Can't we bump the wire count once? It's a minor optimization now that they're per-cpu but on some archs it still has to disable critical.

2068–2076

Is this right given that you haven't bumped the wire count for these pages yet? This looks like you're doing the full teardown for pages that haven't been initialized? Am I misreading?

sys/vm/vm_reserv.c
822

Rather than LELVEL_0_NPAGES this should be min(VM_LEVEL_0_NPAGES - index, *countp)

1178–1179

Nothing seems to be using the return value other than a zero check?

sys/vm/swap_pager.c
1096

Ok.

1143

Sure, but I think this is largely inconsequential - partial allocations will only happen during a severe memory shortage, and overall system performance is quite degraded by that point. So I don't think it's very important to try and optimize for that case.

However, it's easy enough loop over the partially allocated range and perform:

vm_page_remove(m);
vm_page_xbusy(m);
vm_page_insert(m, <new pindex>);

so I will do that instead.

markj added inline comments.
sys/vm/vm_page.c
1893

I was on the fence about this. I don't see why it's inconceivable that we might someday want a wrapper that looks up mpred?

2068–2076

Yeah, I messed this part up. It's clearly untested at this point. Will fix.

sys/vm/vm_reserv.c
822

Ok, but this doesn't affect correctness unless I'm missing something.

1178–1179

vm_page_alloc_pages_domain_after() stores the return value in "avail".

markj marked 3 inline comments as done.

Address review feedback.

sys/vm/swap_pager.c
1143

Never mind, this won't work if the pages were allocated from a reservation. I think the only choices here are to keep the existing diff, or avoid using alloc_pages for allocating readbehind ranges.
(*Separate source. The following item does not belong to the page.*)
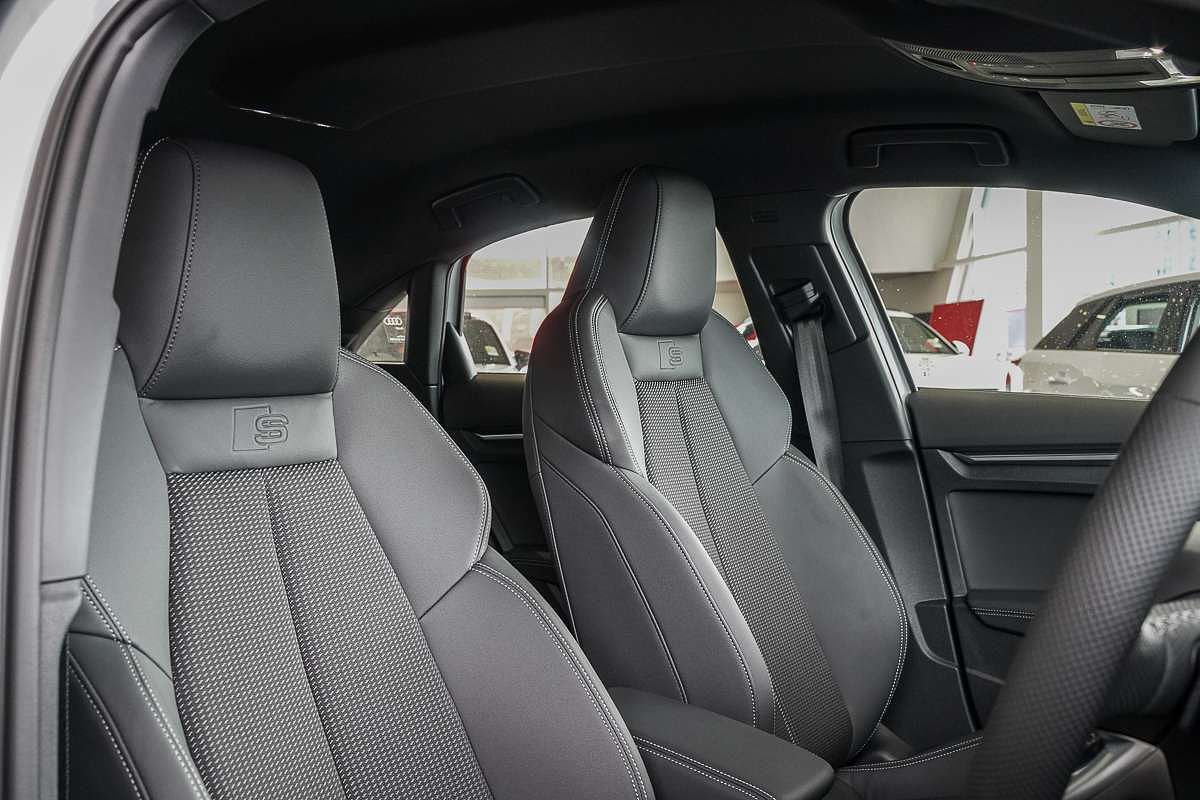 2024 Audi A3 35 TFSI S line GY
I don't think that it's necessarily harmful to throw away pages. Again, in this case the system's performance is degraded by design, and readbehind is not necessarily a good use of memory when free pages are scarce.

sys/vm/vm_page.c
1660

I didn't like that vm_domain _avail() was mixed in between several allocator functions and wrappers. I just moved it so that it preceded them all. If you feel strongly about keeping it where it was I'll move it back.

sys/vm/vm_page.c
2033–2037

I'm not sure how to do it cleanly. When initializing a run of pages, it's nice to pre-compute various page fields (oflags, etc.). So ideally we'd have a function which initializes a run of pages. But alloc_contig returns an array of struct vm_page, while alloc_pages returns an array of struct vm_page *.

Fix vm_radix insertion failure handling.

Avoid requesting a run of length 0.

Ensure that "shift" is initialized before use.